So far as petitioner has been able to advise us, there are no mitigating circumstances which he would put in evidence on a remand which do not now appear in the stipulation. However, he states he would highlight particular factors in mitigation by adding background and color through third party witnesses whose testimony might be more persuasive than his self-serving representation of mitigating factors — the context in which the stipulation is cast.
With respect to the second incident of misconduct petitioner concedes he mismanaged his client's trust account, resulting in a trust account balance $344.95 below an amount withheld from a client and deposited in the trust account to pay an investigative fee to Marion Tatum, and that he had not paid Tatum during the period of the shortage.
(4) The mere fact that the balance in an attorney's trust account has fallen below the total of amounts deposited in and purportedly held in trust, supports a conclusion of misappropriation. This is a serious violation of professional ethics likely to undermine the public confidence in the legal profession. ( Greenbaum v. State Bar (1976) 15 Cal.3d 893, 905 [ 126 Cal.Rptr. 785, 544 P.2d 921]; see Demain v. State Bar (1970) 3 Cal.3d 381, 387 [ 90 Cal.Rptr. 420, 475 P.2d 652].)
In mitigation of the Tatum matter it is stipulated that the Tatum claim was in substantial dispute; that the dispute involved not only the amount of the claim but also the respective obligations therefor between petitioner and three other attorneys representing other clients involved in the investigation; that Tatum had commenced a still pending court action against the attorneys; that at all times petitioner had intended "to retain a sufficient balance in his Client Trust Account to cover the investigative fees of Marion Tatum;" that maintenance of the trust account had been delegated to petitioner's support staff, and that the relocation of his law offices after deposit of the Tatum funds in the trust account resulted in the misplacement or loss of trust account records.

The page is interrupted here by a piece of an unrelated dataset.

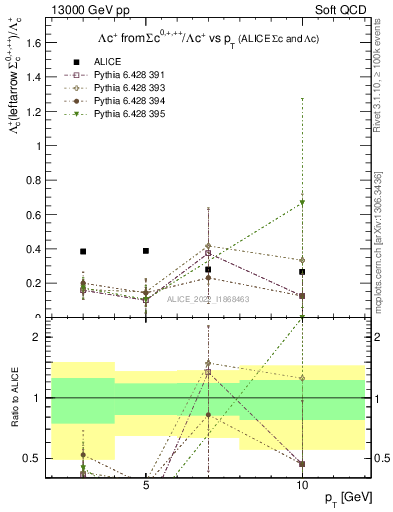 Plot of Lambdac.pt_Lambdac.pt in 13000 GeV pp collisions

(5) In arriving at a proper discipline consistent with the purpose of disciplinary proceedings to protect the public from attorneys unfit to practice (see Schultz v. State Bar (1975) 15 Cal.3d 799, 803 [ 126 Cal.Rptr. 232, 543 P.2d 600]), we must balance all relevant factors including mitigating circumstances on a case-to-case basis. (See Bernstein v. State Bar (1972) 6 Cal.3d 909, 919 [ 101 Cal.Rptr. 369, 495 P.2d 1289], Codiga v. State Bar (1978) 20 Cal.3d 788, 796 [ 144 Cal.Rptr. 404, 575 P.2d 1186].) We also attach great weight to the discipline recommended by the board. ( Martin v. State Bar, supra, 20 Cal.3d 717, 723.)

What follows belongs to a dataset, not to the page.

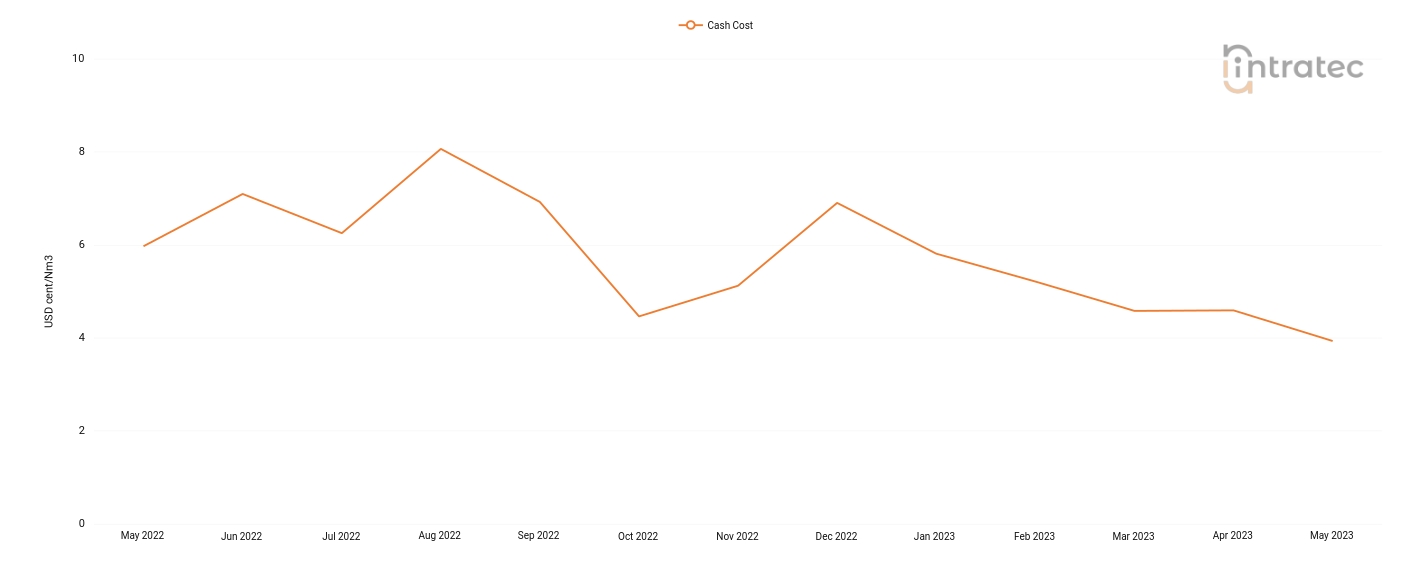 Compressed Air Price Chart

Acknowledging other significant mitigating factors in the Kelly matter, we note that perhaps the most significant of those urged by petitioner is repayment of the obligation to Kelly. However, petitioner did not take this action until notified of the board's impending disciplinary investigation. During the two years preceding payment, petitioner had made no installment payments, notwithstanding an overdue balance of approximately $75,000, and he had asserted a frivolous defense in Kelly's suit when there was a clear obligation to pay. Thus restitution to Kelly is entitled to slight weight as a mitigating factor. (See Fitzpatrick v. State Bar (1977) 20 Cal.3d 73, 88 [ 141 Cal.Rptr. 169, 569 P.2d 763].)

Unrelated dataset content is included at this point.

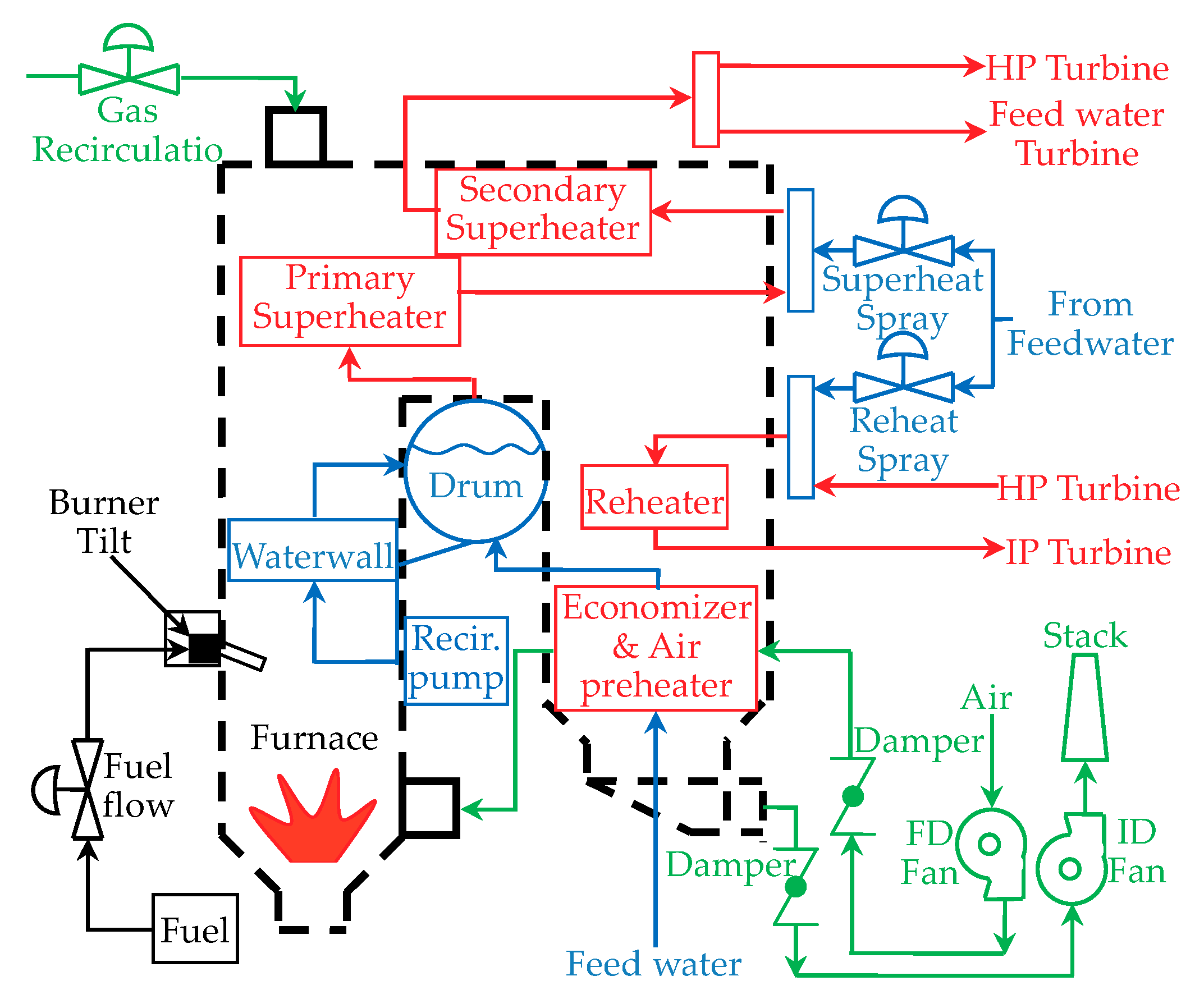 Energies 13 00226 g004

We deem on the record before us that petitioner's misappropriation in the Tatum matter was not intentional, and resulted from poor management of his client trust account and careless supervision of his staff. Matters asserted in mitigation establishing that the amount of the Tatum claim was unresolved, cannot excuse the misappropriation of any part of funds held to satisfy the claim when resolved. (6) While "`the good faith of an attorney is a matter to consider in determining whether discipline should be imposed for acts done through ignorance or mistake'" ( Black v. State Bar, supra, 7 Cal.3d 676, 692), we have repeatedly held that trust account deficiencies are attributable to attorneys — not to their employees. ( Id., at p. 692; Vaughn v. State Bar (1972) 6 Cal.3d 847, 857 [ 100 Cal.Rptr. 713, 494 P.2d 1257].) Gross carelessness and negligence constitute violations of the oath of an attorney to faithfully discharge his duties to the best of his knowledge and ability, and involve moral turpitude as they breach the fiduciary relationship owed to clients. ( Simmons v. State Bar (1970) 2 Cal.3d 719, 729 [ 87 Cal.Rptr. 368, 470 P.2d 352].)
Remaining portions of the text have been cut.